Gérald Darmanin l'a dit, il veut "peser davantage". Ils sont nombreux, dorénavant, à convoiter la rue de Varenne et à mettre en place leurs pions pour remplacer Édouard Philippe. L'ancien maire du Havre, qui pourrait être réélu à la tête de sa ville le 28 juin 2020 risque en effet d'être remercié, comme l'a déjà largement expliqué la presse française, dont Planet.

Si Édouard Philippe doit partir, c'est d'abord en raison des tensions idéologiques qu'il peut exister entre lui et le président de la République, affirme Gaël Sliman, chroniqueur politique et cofondateur du cabinet Odoxa, interrogé par La Dépêche.
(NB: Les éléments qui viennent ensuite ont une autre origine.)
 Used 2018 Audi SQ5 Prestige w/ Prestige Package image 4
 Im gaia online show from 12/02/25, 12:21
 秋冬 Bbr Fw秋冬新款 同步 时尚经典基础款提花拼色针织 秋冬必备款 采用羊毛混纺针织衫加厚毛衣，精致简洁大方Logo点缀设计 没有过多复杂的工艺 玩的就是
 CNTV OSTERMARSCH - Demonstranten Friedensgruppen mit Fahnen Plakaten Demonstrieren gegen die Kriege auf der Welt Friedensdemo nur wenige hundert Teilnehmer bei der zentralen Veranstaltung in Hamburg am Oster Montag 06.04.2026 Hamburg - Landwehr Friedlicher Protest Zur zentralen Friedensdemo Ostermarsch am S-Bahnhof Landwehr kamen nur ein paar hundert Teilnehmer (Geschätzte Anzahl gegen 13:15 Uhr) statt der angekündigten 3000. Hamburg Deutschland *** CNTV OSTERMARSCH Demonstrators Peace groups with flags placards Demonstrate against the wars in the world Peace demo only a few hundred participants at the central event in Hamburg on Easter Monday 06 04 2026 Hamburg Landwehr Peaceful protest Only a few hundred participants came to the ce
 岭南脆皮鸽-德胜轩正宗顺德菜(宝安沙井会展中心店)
C'est aussi parce que "c'est le bon moment". "C'est logique de changer de Premier ministre après 3 ans, d'autant qu'Emmanuel Macron a en ligne de mire la prochaine élection présidentielle de 2022", résume-t-il.

Toutefois, pour l'économiste Frédéric Farah, c'est bien autre chose qui devrait motiver ce départ. L'universitaire, marqué à gauche, est professeur de sciences économiques et sociales à la Sorbonne Nouvelle. Il est également chercheur affilié au Laboratoire PHARE de la Sorbonne. Et il ne mâche pas ses mots.
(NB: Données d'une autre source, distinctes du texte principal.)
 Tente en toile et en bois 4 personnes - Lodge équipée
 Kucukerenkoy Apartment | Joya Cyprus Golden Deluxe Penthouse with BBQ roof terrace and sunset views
"Édouard Philippe est l'incarnation d'une certaine classe politique française, libérale très conservatrice, qui jouit d'une certaine sympathie dans tout ou partie de la presse française. Il faut le comprendre : c'est un homme élégant, posé et raisonnable. Mais cela ne change rien. En pratique, il représente toujours cette même idéologie dangereuse qui, on l'a vu, a largement ajouté à la crise sanitaire", assène-t-il d'entrée de jeu.

"Naturellement, Édouard Philippe n'est pas le seul responsable. Mais il fait partie de cette France qui a souhaité, imaginé et mis en place le tout marché, qui a transformé l'hôpital public en entreprise. Par conséquent, il est mécaniquement comptable des morts du coronavirus Covid-19, autant que du désarroi hospitalier que l'on connaît aujourd'hui en France", poursuit-il, amer. Et c'est loin d'être le seul reproche qu'il a à formuler.

"C'est lui, aussi et pas seulement, qui a voulu que l'on maintienne pas les lits de réserve, qui a préféré une politique de flux-tendus, y compris à l'hôpital. Son gouvernement nourrit cette idéologie de la France-entreprise et de la start-up nation. Ils sont tous responsables, mais c'est ainsi que fonctionne la Vème République. Edouard Philippe sera mécaniquement plus désigné que les autres", explique encore le chercheur.

Edouard Philippe doit-il partir pour protéger Emmanuel Macron ?

"N'oublions pas, par ailleurs, qu'il est de facto le fusible du président de la République. C'est pourquoi, pour assurer la pérennité de l'action d'Emmanuel Macron, il devra mécaniquement partir. Cela ne signifie pas que le chef de l'Etat soit moins responsable, au contraire. Ils viennent du même monde et affichent la même tendance au dédain et à la morgue que peuvent avoir les gens issus de la main droite de l'Etat", juge Frédéric Farah.

Et l'économiste d'ajouter que "le confinement n'est que la réaction logique du manque de moyen de nos hôpitaux", combien aussi il faut qu'Emmanuel Macron lui même parte. "Comme Edouard Philippe, comme leurs prédécesseurs respectifs, il n'a pas fait ce qu'il avait à faire et a préféré rejeter la responsabilité sur les Françaises et les Français, qui respecteraient mal les mesures sanitaires. Pourtant, si ce président jugeait sérieusement et respectueusement ses électeurs, alors il lui faudrait déclarer la dissolution de l'Assemblée nationale et peut-être même la remise en jeu de son mandat", affirme-t-il enfin.